For the coconut paste:
Grated coconut-                                                 3/4 cup
Cumin seeds-                                                    1/2 Teaspoon
Water-                                                              as required

For Tempering

Grated coconut                                                3 Tablespoon
Coconut oil                                                      2 Teaspoons
mustard seeds                                               1/2 Teaspoon
cumin seeds/jeera                                          1/4 Teaspoon
Urdh Dal                                                        1 Tablespoon
Dry red chillies                                              2 no.
1 sprig curry leaves

Method:


  • Wash the yam and banana.
  • Take a heavy pan, ,add Yam,, Banana, red chili powder, turmeric powder, black pepper powder, salt  and water. Mix well.

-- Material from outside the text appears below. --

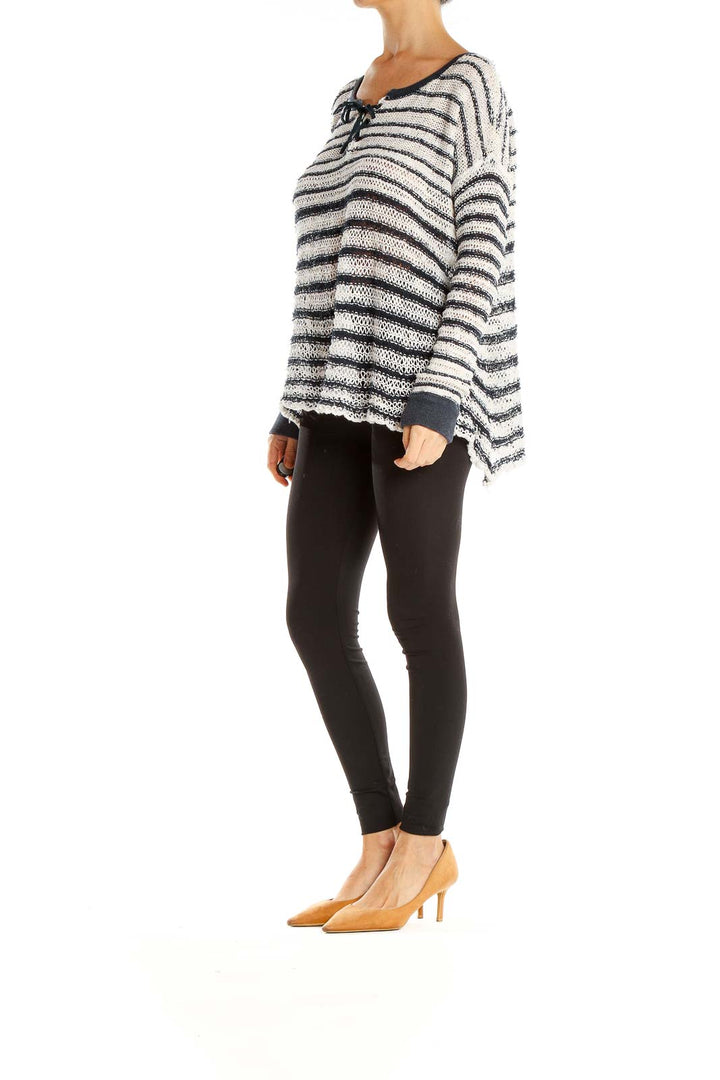 Front view of Free People white and black striped oversized knit sweater with toggle closures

  • Cook until it is done. Lightly mash it with the back of the ladle.
  • Add a coconut oil and mix it very well.
  • Grind the coconut and jeera to a fine paste by adding water, little at a time.

  • Add the ground coconut-cumin paste. Add more salt ,if required. Mix well and cook for 3 minutes in simmer. Switch off the gas.

  • In a small pan, heat the coconut oil and temper with cumin , mustard seeds ,Urdh dal and red chillies.

  • When the mustard seeds splutter add the grated coconut.

  • Add curry leaves, Hing powder, fry the coconut till they turn crunchy and light brown.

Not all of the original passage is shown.